Does the Leiden Manifesto need a "Skewness Principle"?

Andreas Strotmann andreas.strotmann at GMAIL.COM
Wed Jun 24 07:11:27 EDT 2015


Does the Leiden Manifesto need to add a "skewness" principle, i.e., an
admonition to always take into account that bibliometric data is likely to
suffer from skewed error distributions, including a reminder that for
typical skewed error distributions, your usual network statistics are
likely way off the truth unless the data used for analysis is of excellent
quality, both wrt. completeness and wrt. correctness?

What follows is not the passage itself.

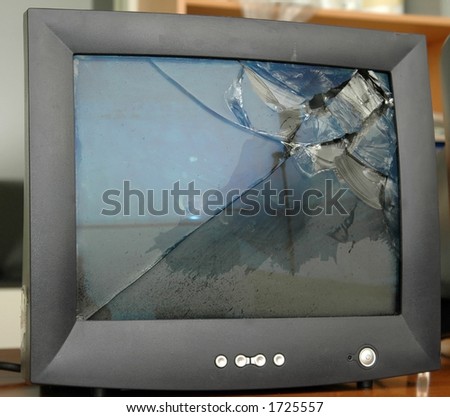 A smashed computer monitor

Slides for a presentation in which we argue for this are now online on
Researchgate (researchgate.net/publication/279162430). Since this
presentation was mainly meant to ignite discussion, but the ISSI conference
program does not actually reserve time for discussion after ignite
presentations, I would like to offer this topic up for discussion on this
mailing list already.

It is true that most people in our field are aware of the problem and its
solutions to some extent, but fact is that I see publications that violate
the proposed principle all too frequently. Admittedly, in-depth research
asking just how good network data needs to be so you can trust results from
analyzing it has only very recently begun, but the references that I
collected in these slides seem to indicate that the problem (while still
manageable) has been severely underestimated.